What foam cutting knife are you using. I found several around $40 on Amazon. Only looking to do small building modeling with green foam from Lowe's


----------



## wvgca (Jan 21, 2013)

i don't know about the 'store bought' ones, bur I made one for a lot less than that..
two feet of nichrome wire, a light dimmer, and a transformer on top of an old piece of melamine..

not very fancy, but did all the foam work for a 16' x 16 layout, some up to eight inches high..

if you buy one, for convenience get a ripping guide so that you can cut, say two or three inches with some repeatability, and accuracy .

a 'hot wire' cutter of any type sure does come in handy


----------



## CTValleyRR (Jul 26, 2014)

I use a mini-hacksaw for cuts, and a Sur-form rasp for shaping.


----------



## Colorado1445 (Nov 11, 2017)

I am going for the Cardboard Plaster method due to my obsession of doing unconventional building methods for the fun of it.


----------



## Massey (Apr 16, 2011)

CTValleyRR said:


> I use a mini-hacksaw for cuts, and a Sur-form rasp for shaping.


^^
This! 


I also use a Sheetrock saw, it works the same but has a sharp point for starting cuts in the middle of the foam.


----------



## CTValleyRR (Jul 26, 2014)

Colorado1445 said:


> I am going for the Cardboard Plaster method due to my obsession of doing unconventional building methods for the fun of it.

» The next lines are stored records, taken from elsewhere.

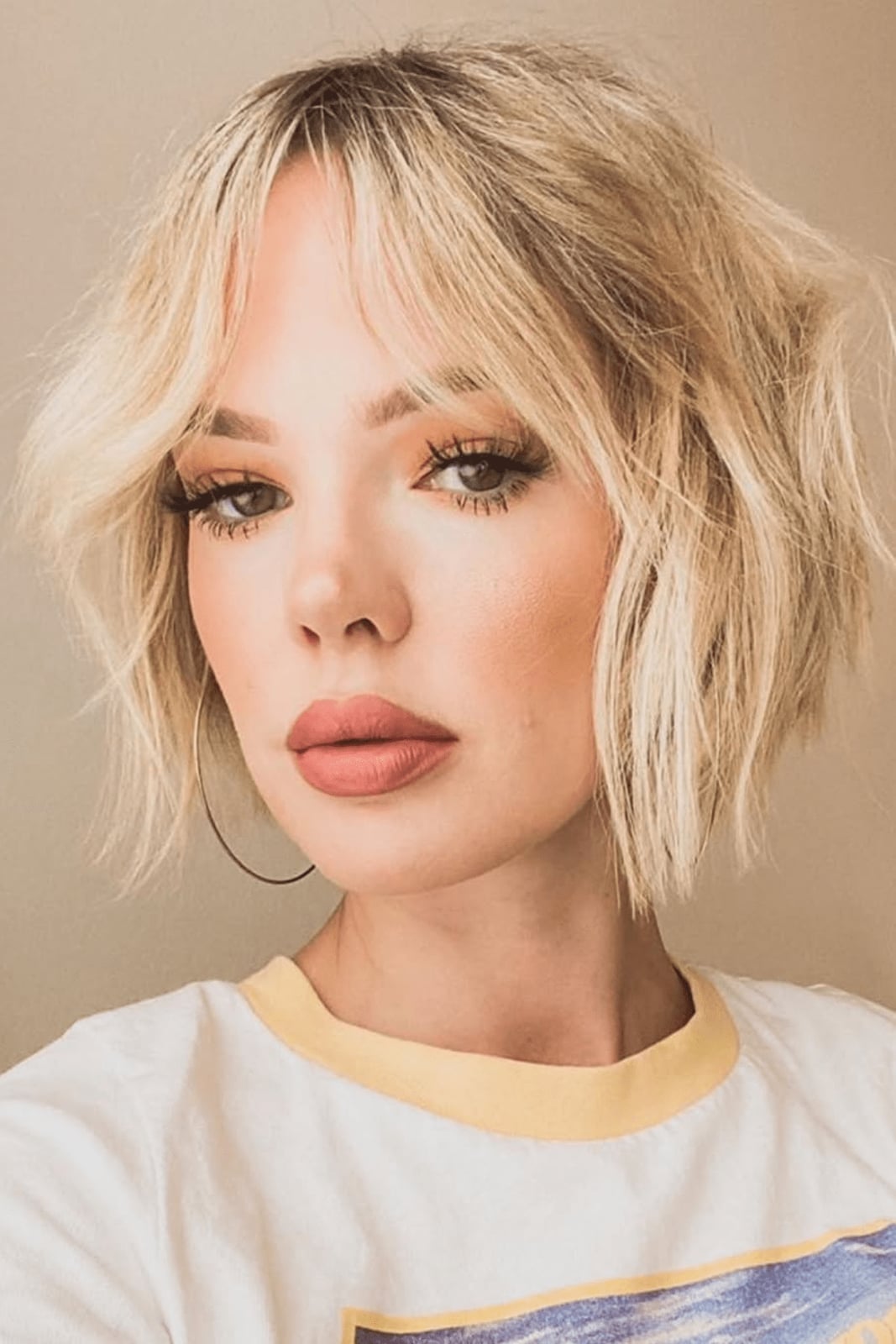Collarbone Blonde Shaggy Bob With Blunt Bangs, Wavy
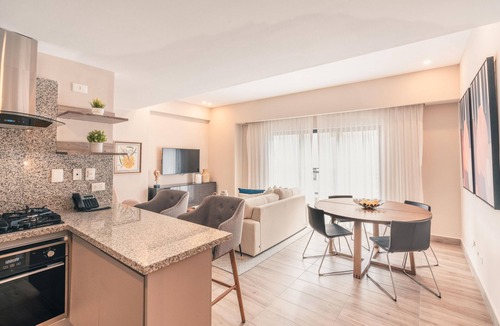 Downtown Santo Domingo Apartment | Regatta Living II with Breakfast Included! - 406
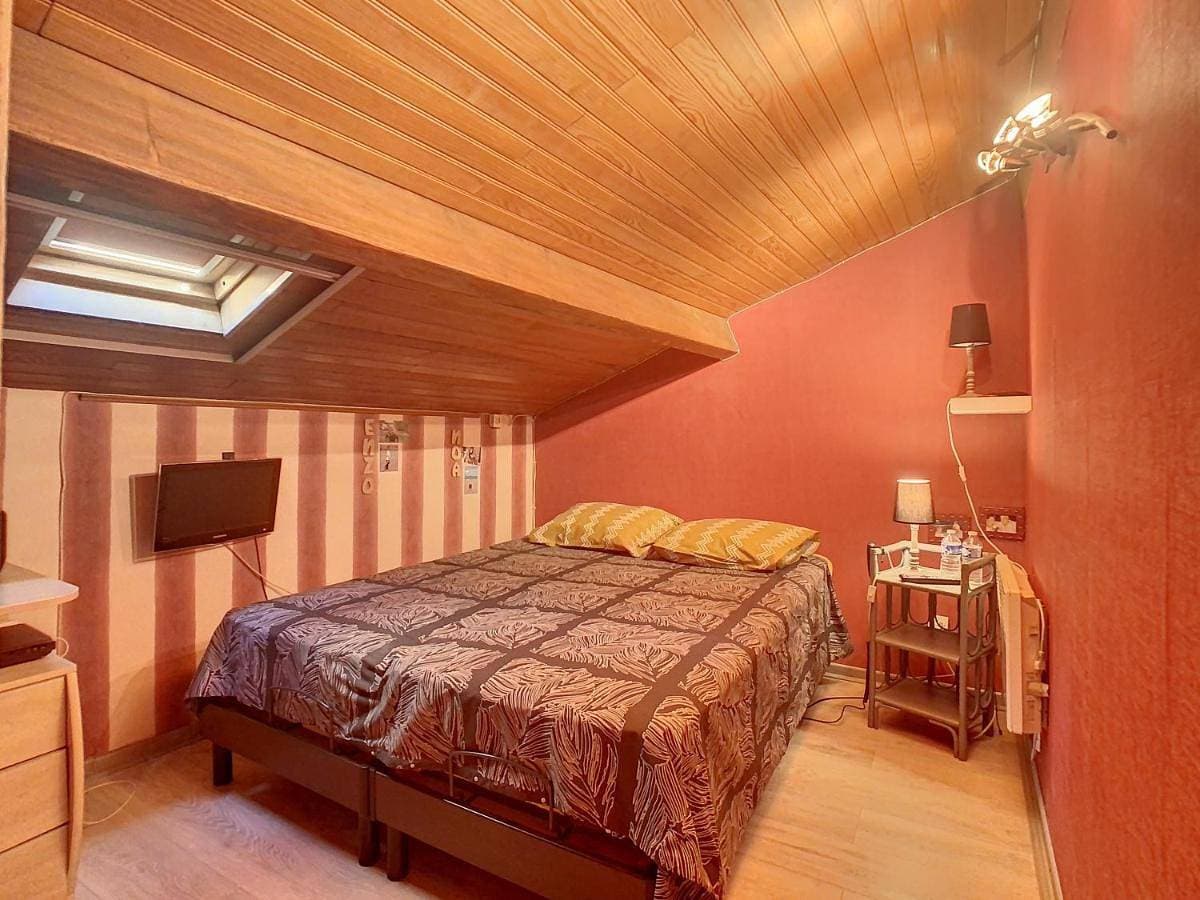 Foto 4 von 13: Three-Bedroom House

Funny. Cardboard strips and plaster is about as conventional as it gets. You could call it retro.

Extruded foam panels are the "newfangled" method.


----------



## Colorado1445 (Nov 11, 2017)

CTValleyRR said:


> Funny. Cardboard strips and plaster is about as conventional as it gets. You could call it retro.
> 
> Extruded foam panels are the "newfangled" method.


Oh... 

I thought it was unconventional due to the popularity of foam. Well...


----------